Abstract

LDP (Local Differential Privacy) and its variants have been recently studied to analyze personal data collected from IoT (Internet of Things) devices while strongly protecting user privacy. In particular, a recent study proposes a general privacy notion called ID-LDP (Input-Discriminative LDP), which introduces a privacy budget for each input value to deal with different levels of sensitivity. However, it is unclear how to set an appropriate privacy budget for each input value, especially in current situations where re-identification is considered a major risk, e.g., in GDPR. Moreover, the possible number of input values can be very large in IoT. Consequently, it is also extremely difficult to manually check whether a privacy budget for each input value is appropriate. In this paper, we propose algorithms to automatically tune privacy budgets in ID-LDP so that obfuscated data strongly prevent re-identification.

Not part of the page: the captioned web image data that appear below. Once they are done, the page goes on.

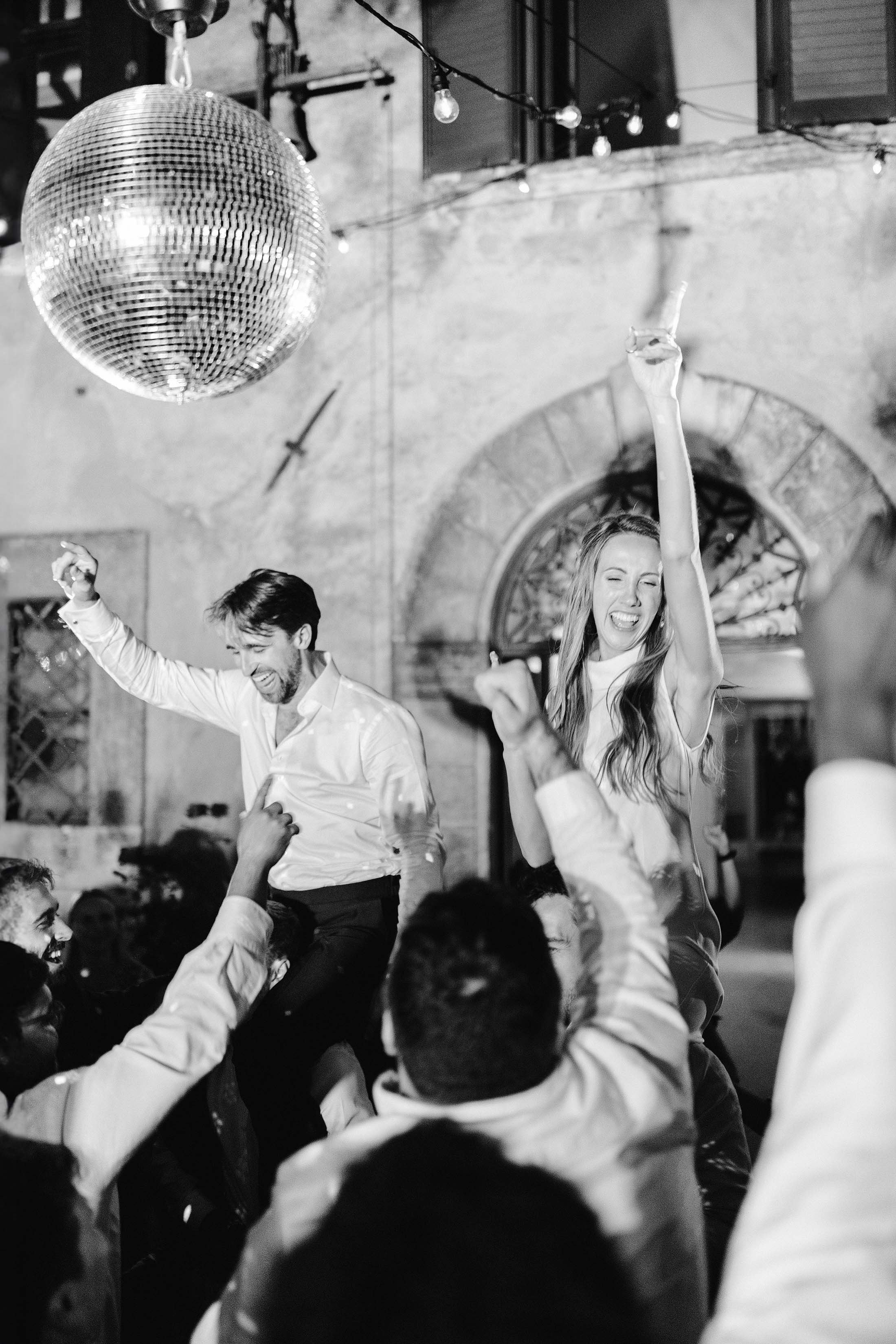 bride and groom lifted on dancefloor at villa di ulignano wedding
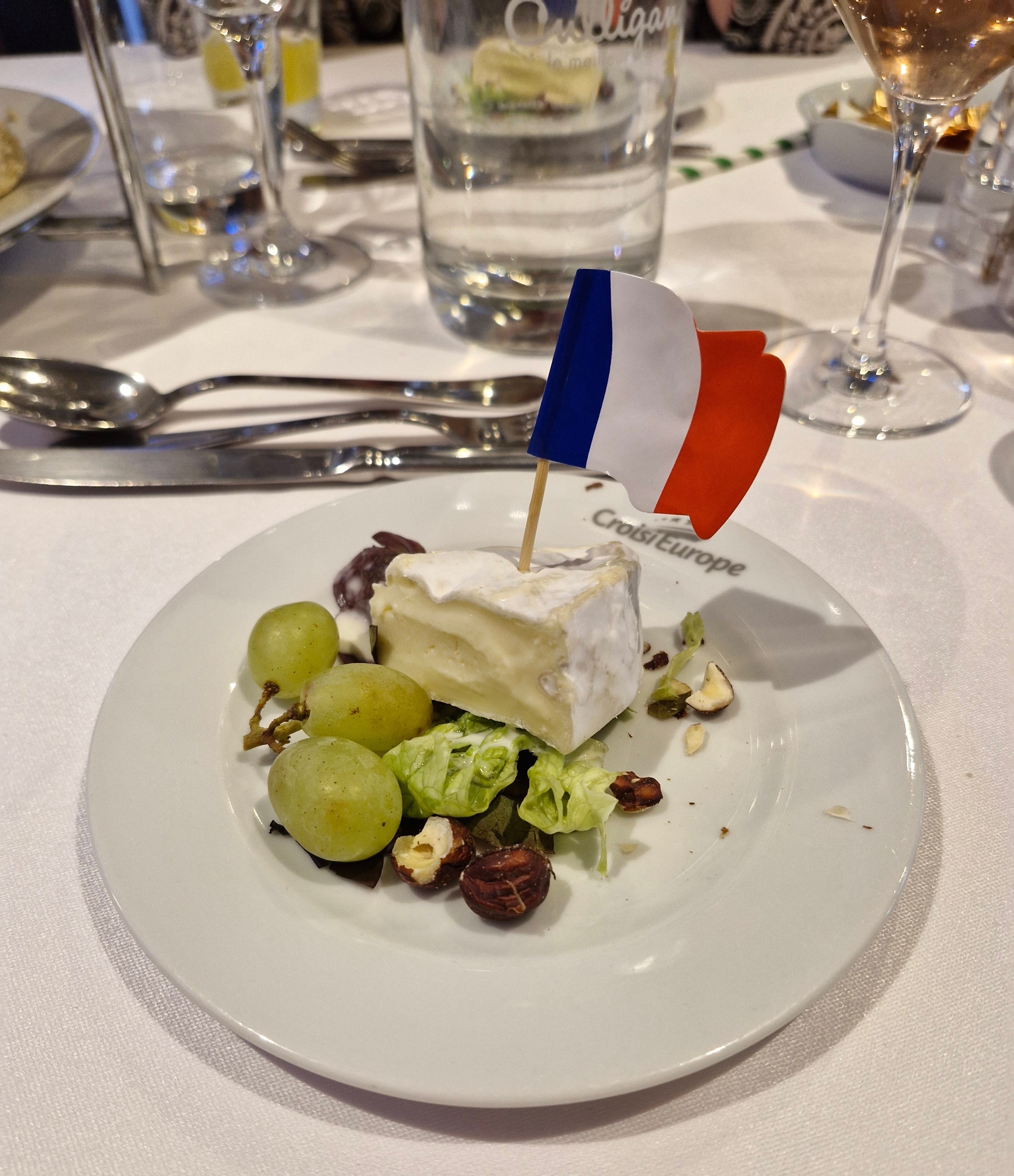 Plate of cheese and grapes with a French flag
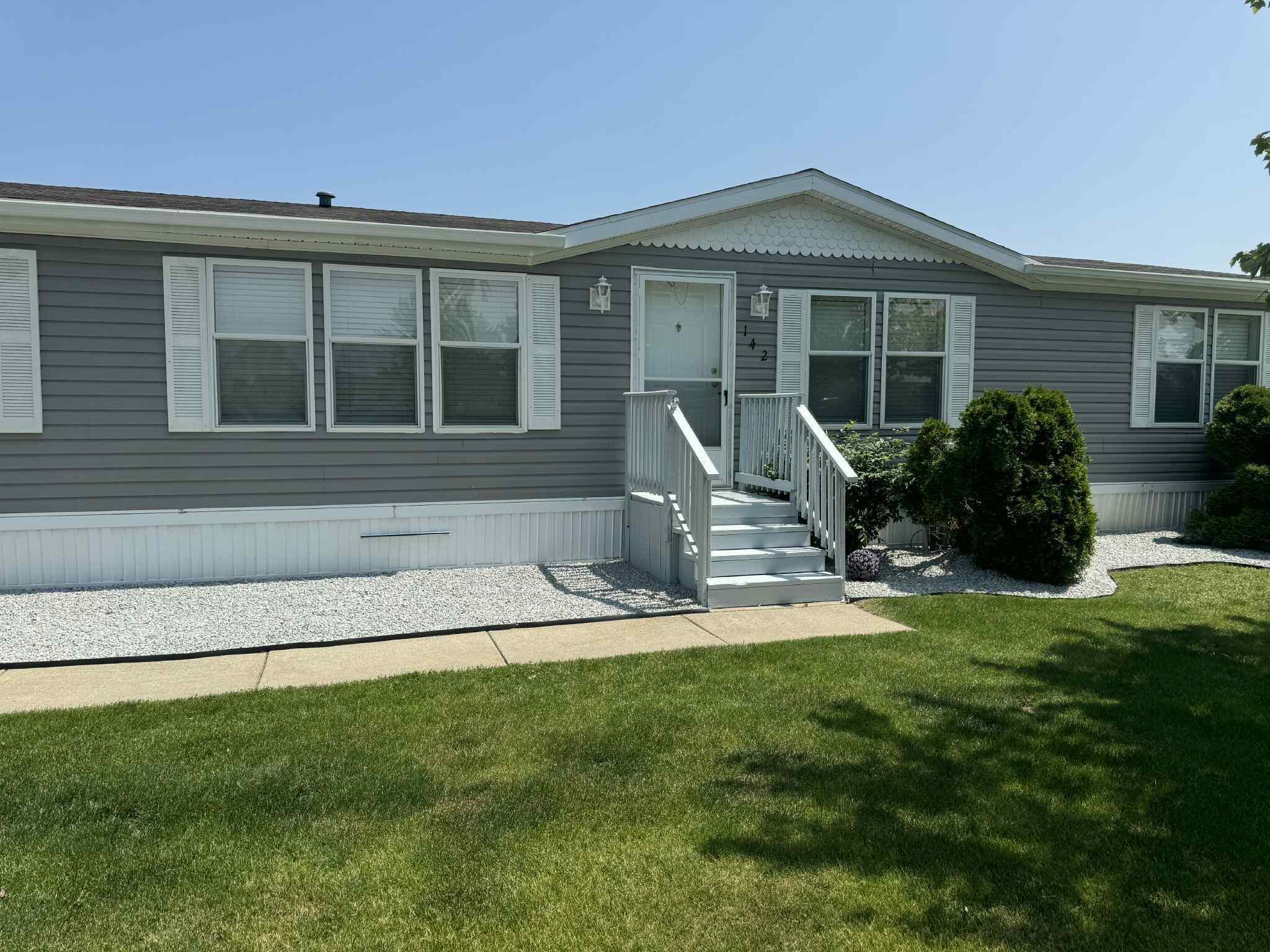 Property Photo: 7204 E Grand River Ave MI 48875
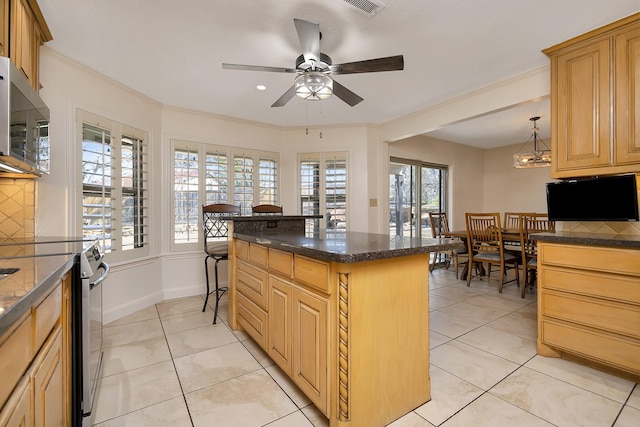 kitchen with dark countertops, light tile patterned floors, appliances with stainless steel finishes, and decorative light fixtures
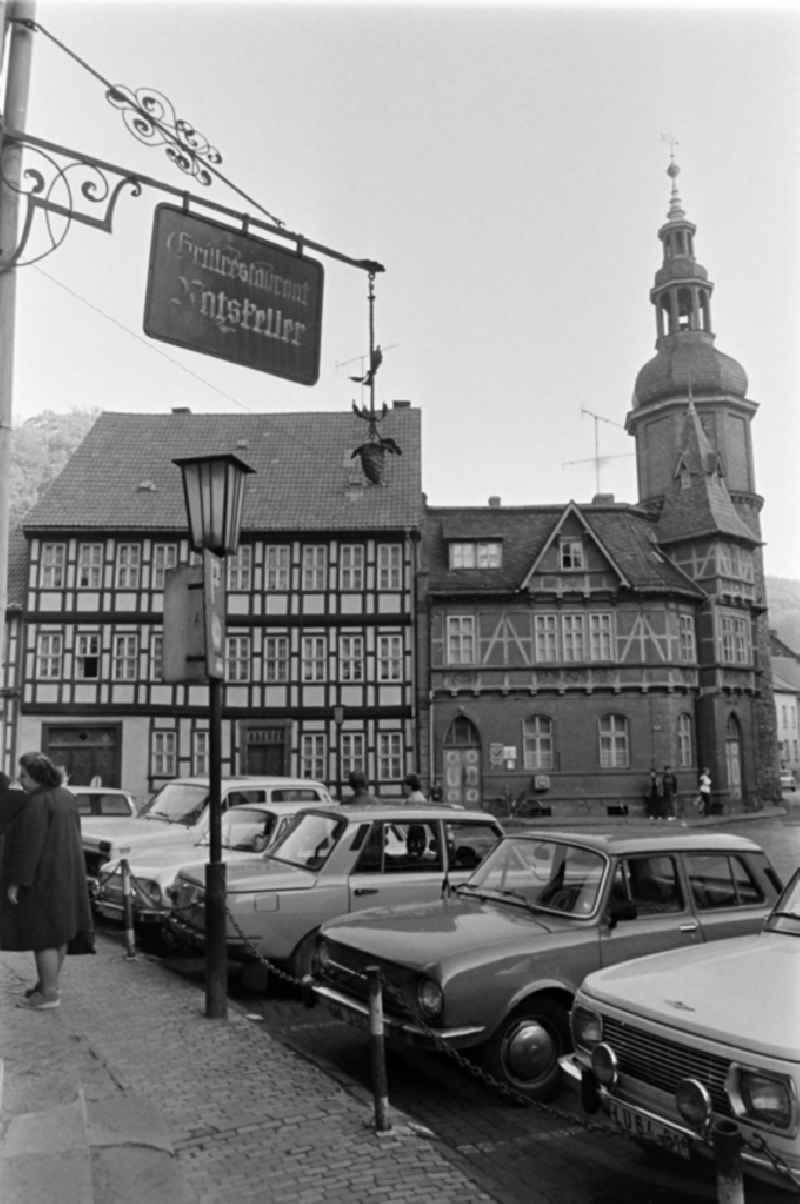 Cars parked at the corner of Markt and Rittergasse, in the background the Seigerturm in Stolberg (Harz) in the southern Harz region in the federal state of Saxony-Anhalt in the territory of the former GDR, German Democratic Republic. A sign with the inscription ' Grillrestaurant Ratskeller ' rises above the pavement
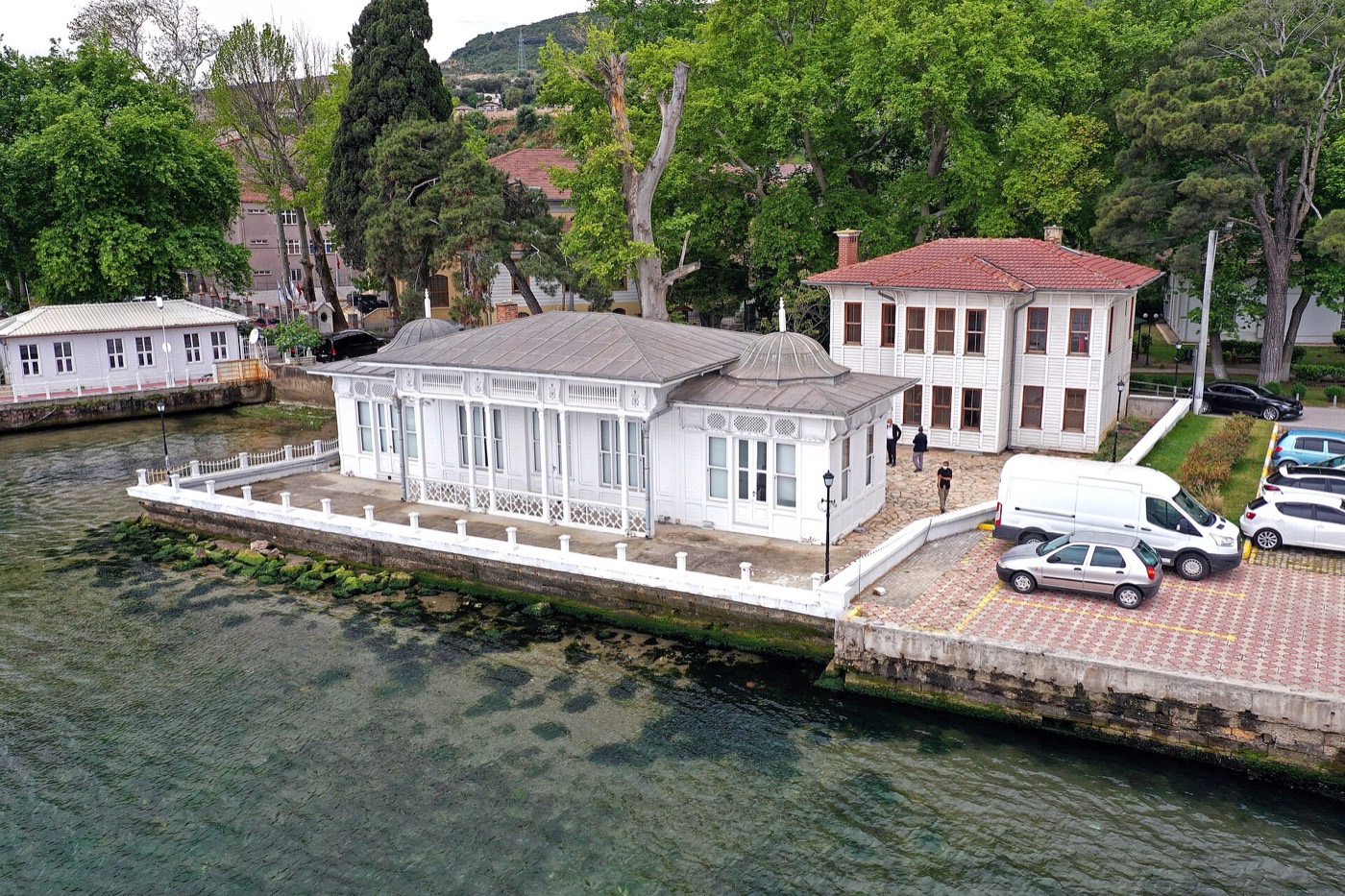 Aerial view of the white timber Kaiser Wilhelm Pavilion on its quay at Hereke, with the sea in front and trees and older buildings behind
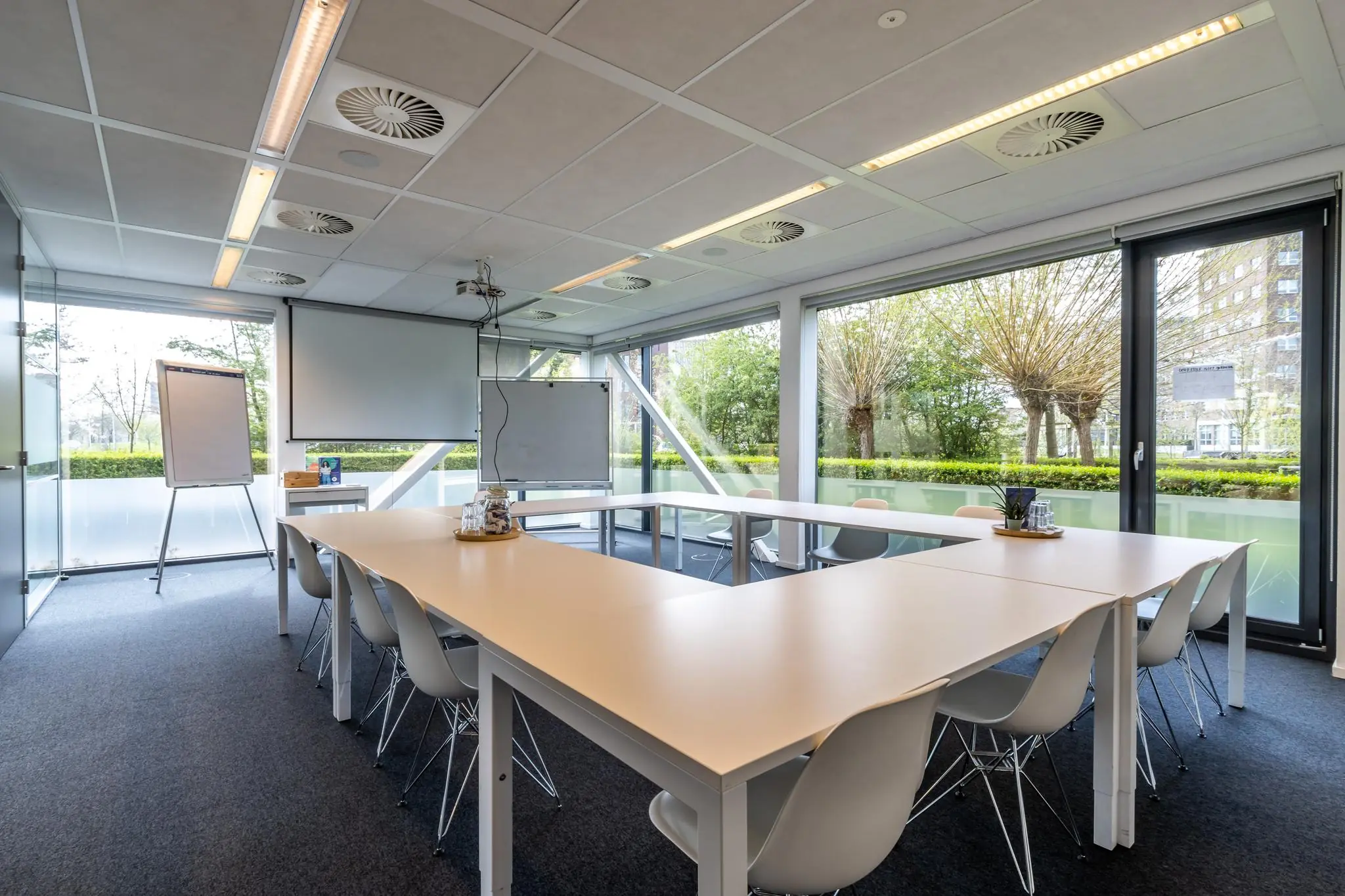 Moderne vergaderruimte aan de Groenewoudsedijk met U-vormige tafelopstelling, grote ramen en uitzicht op groen.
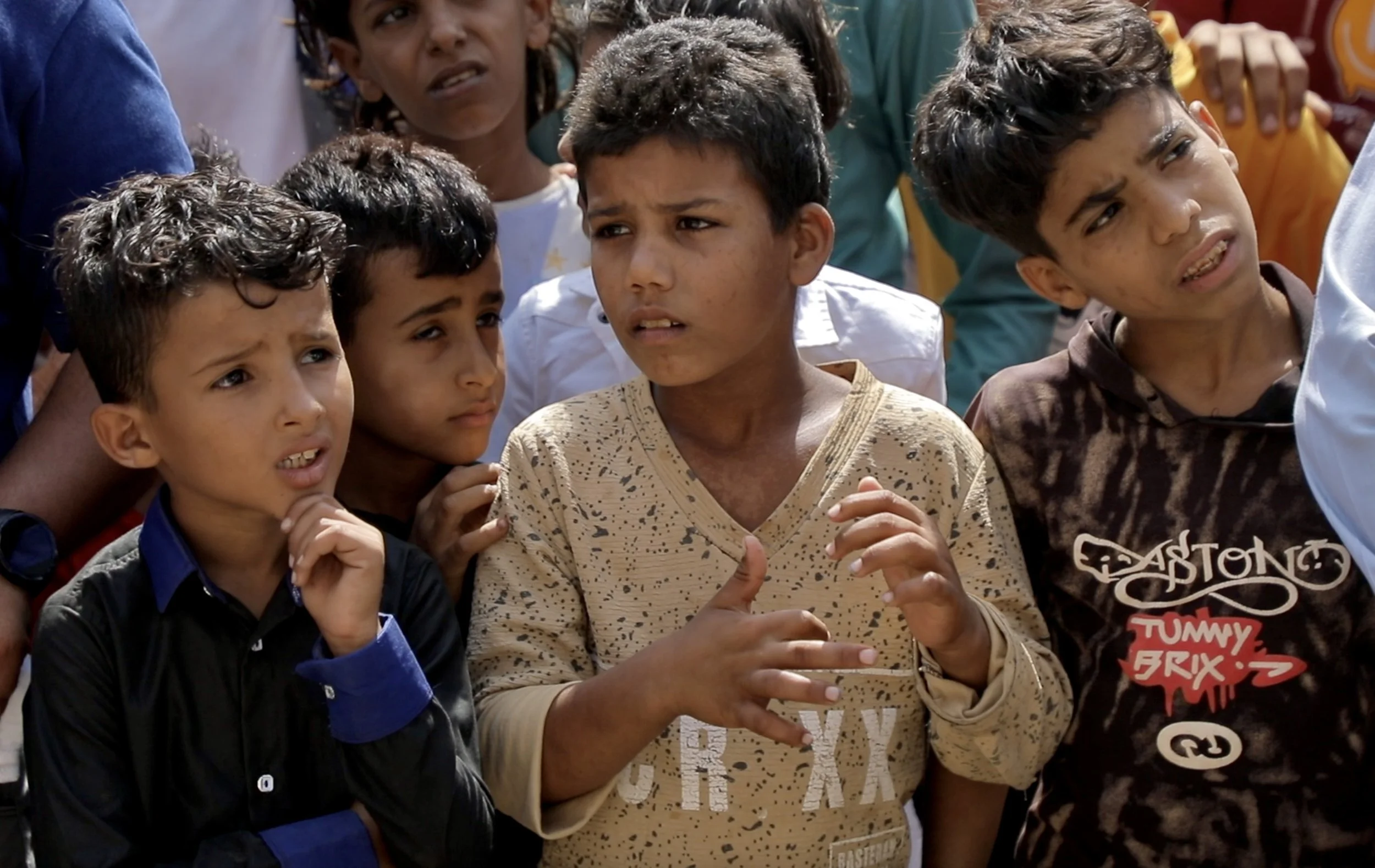 Boys listen during an Explosive Ordnance Risk Education session in western Taiz, Yemen. Educators say children are among the groups most at risk from landmines and unexploded ordnance, particularly in former frontline communities where explosive haza
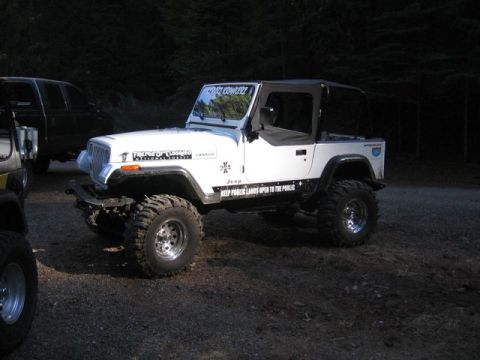 1989 Ford Bronco - A white Jeep Wrangler is parked on a gravel surface with trees in the background. Another vehicle is partially visible to the left.
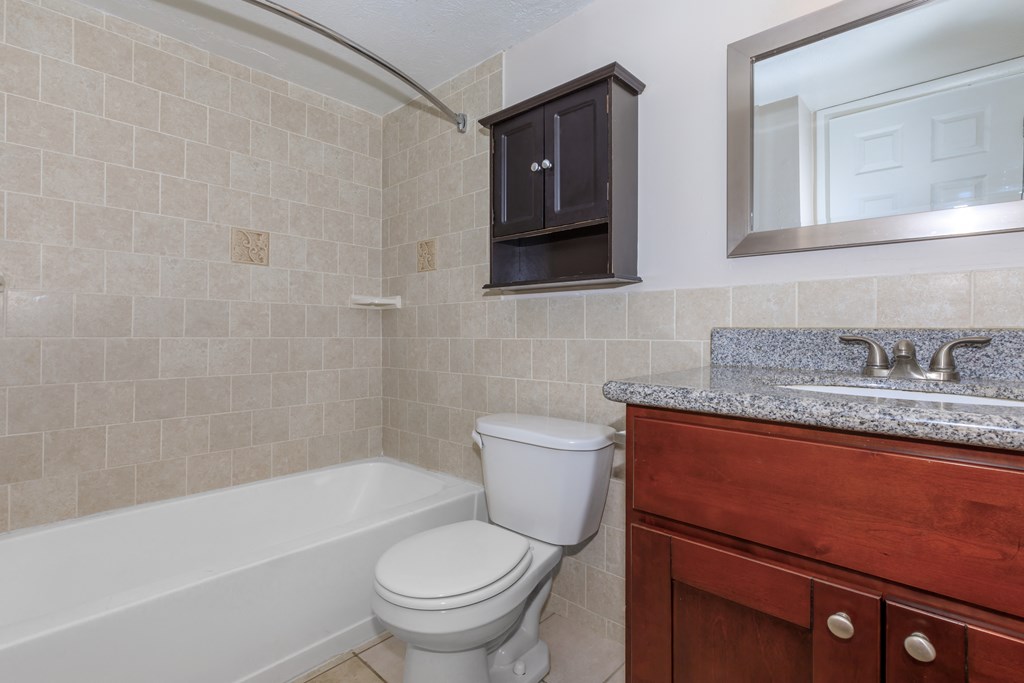 a bathroom with a toilet sink and bathtub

We also propose a new instance of ID-LDP called OneID-LDP (One-Budget Input-Discriminative LDP) to prevent re-identification with high utility. Through comprehensive experiments using four real datasets, we show that existing instances of ID-LDP lack either utility or privacy – they overprotect personal data or are vulnerable to re-identification attacks. Then we show that our OneID-LDP mechanisms with our privacy budget tuning algorithm provide much higher utility than LDP mechanisms while strongly preventing re-identification.